■ Provided material ■
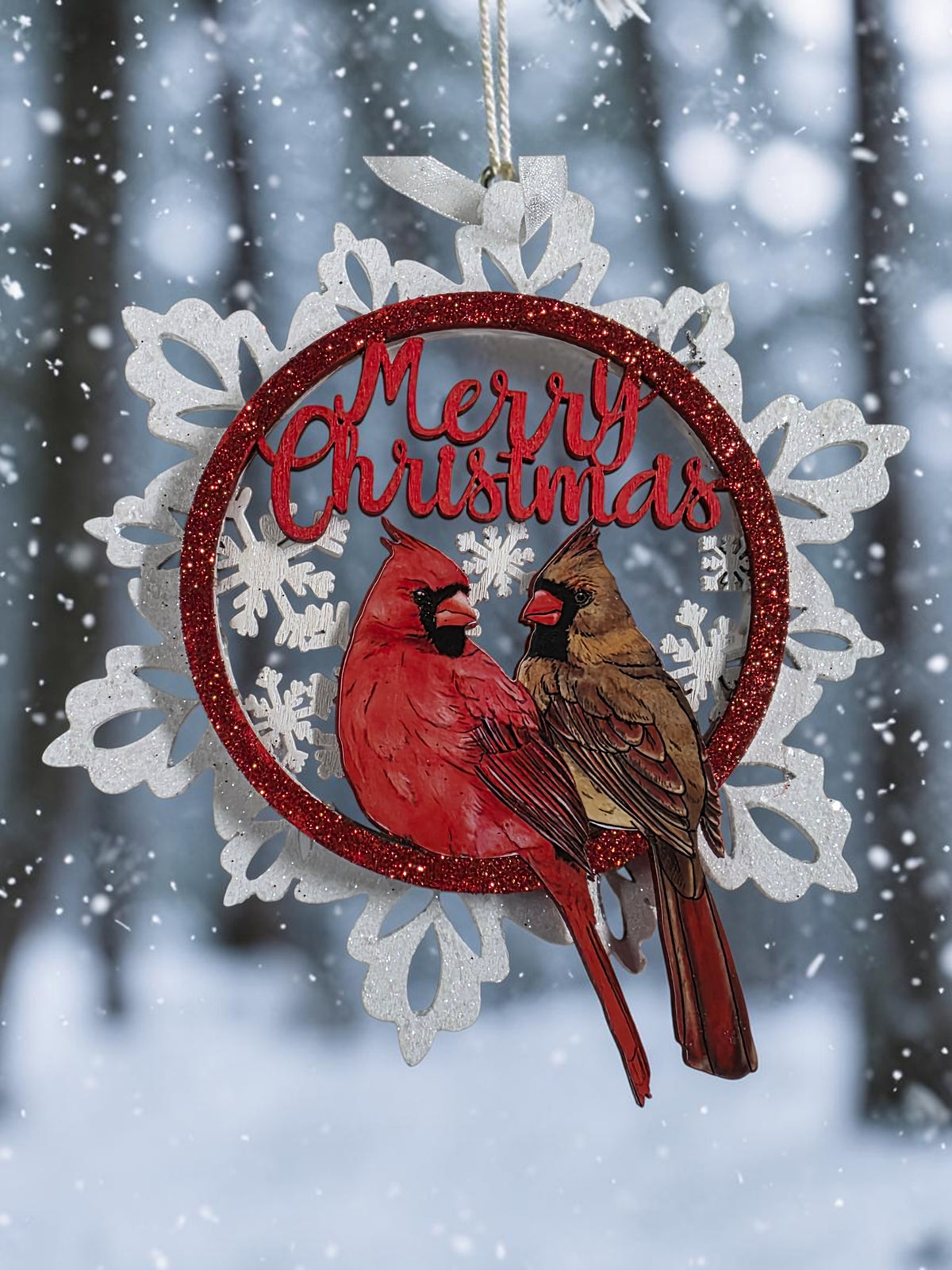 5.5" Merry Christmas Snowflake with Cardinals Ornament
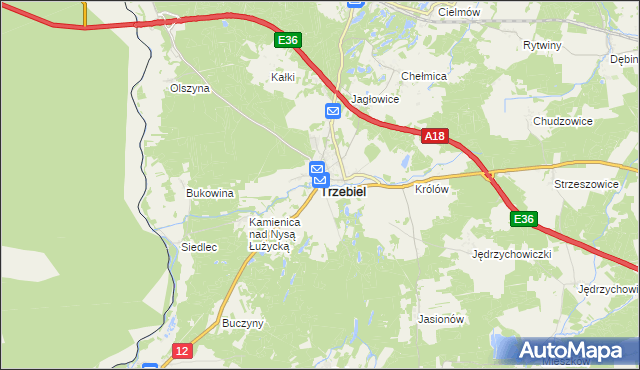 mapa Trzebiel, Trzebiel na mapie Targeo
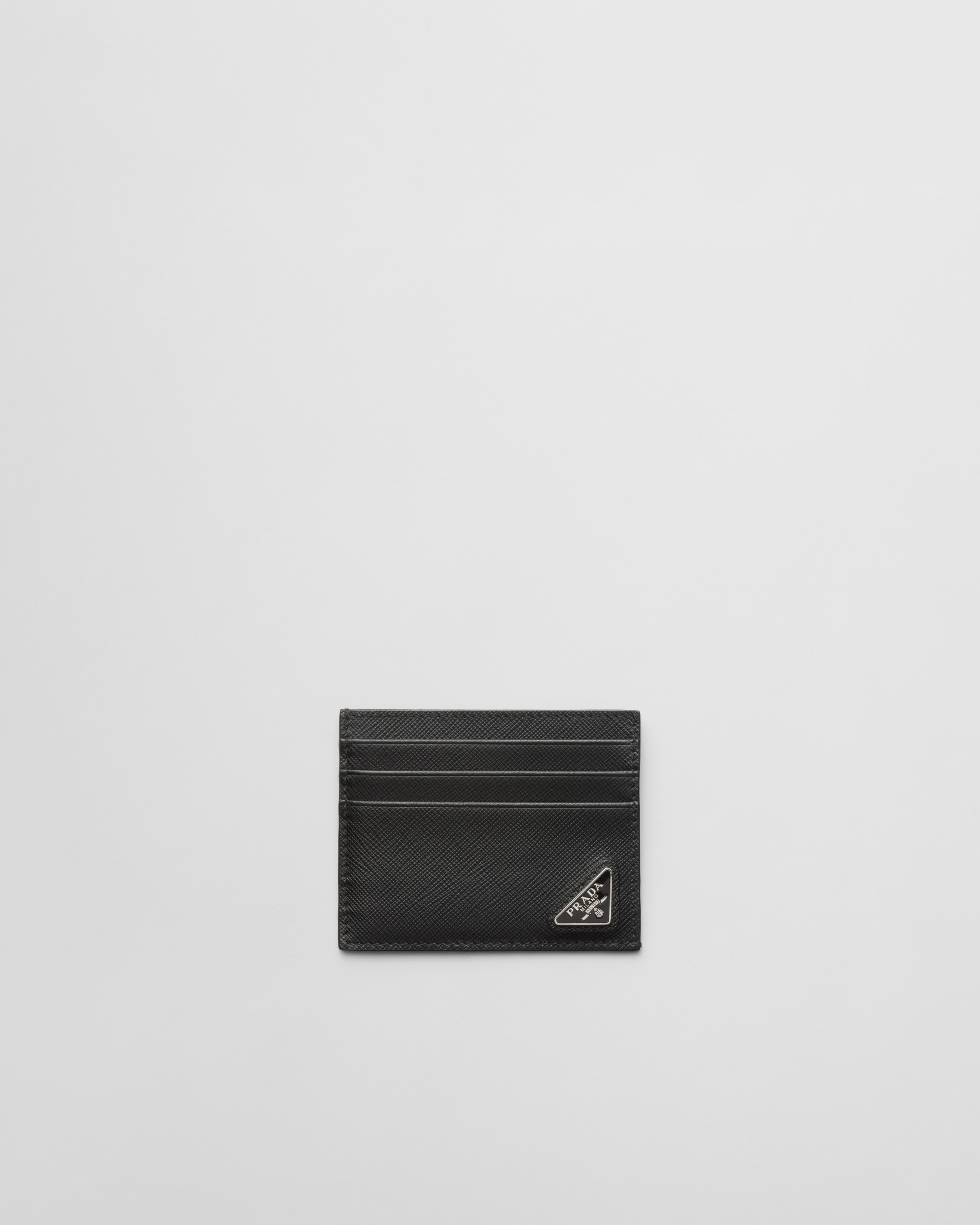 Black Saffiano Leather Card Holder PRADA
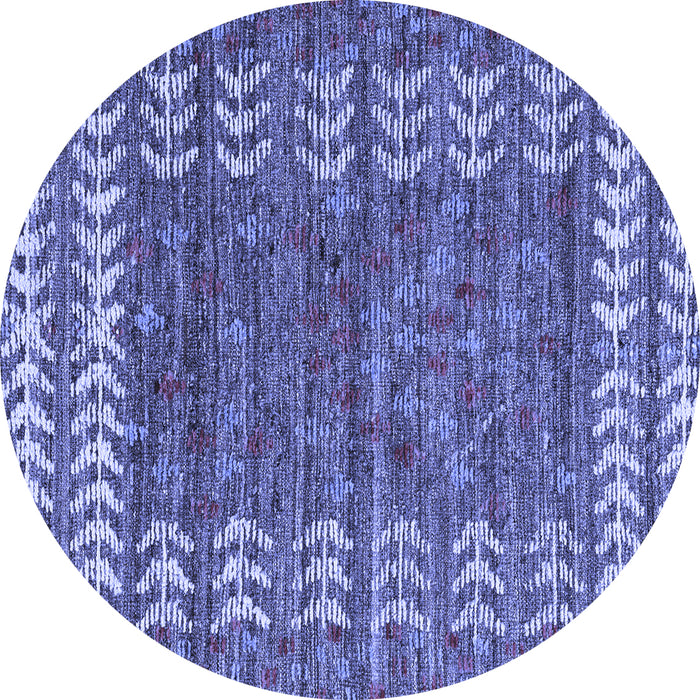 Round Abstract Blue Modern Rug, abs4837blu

■ Problem description ■
The full listing above, duplicated exactly and without its pictures, is the answer.

■ Completed exercise ■
 5.5" Merry Christmas Snowflake with Cardinals Ornament
 mapa Trzebiel, Trzebiel na mapie Targeo
 Black Saffiano Leather Card Holder PRADA
 Round Abstract Blue Modern Rug, abs4837blu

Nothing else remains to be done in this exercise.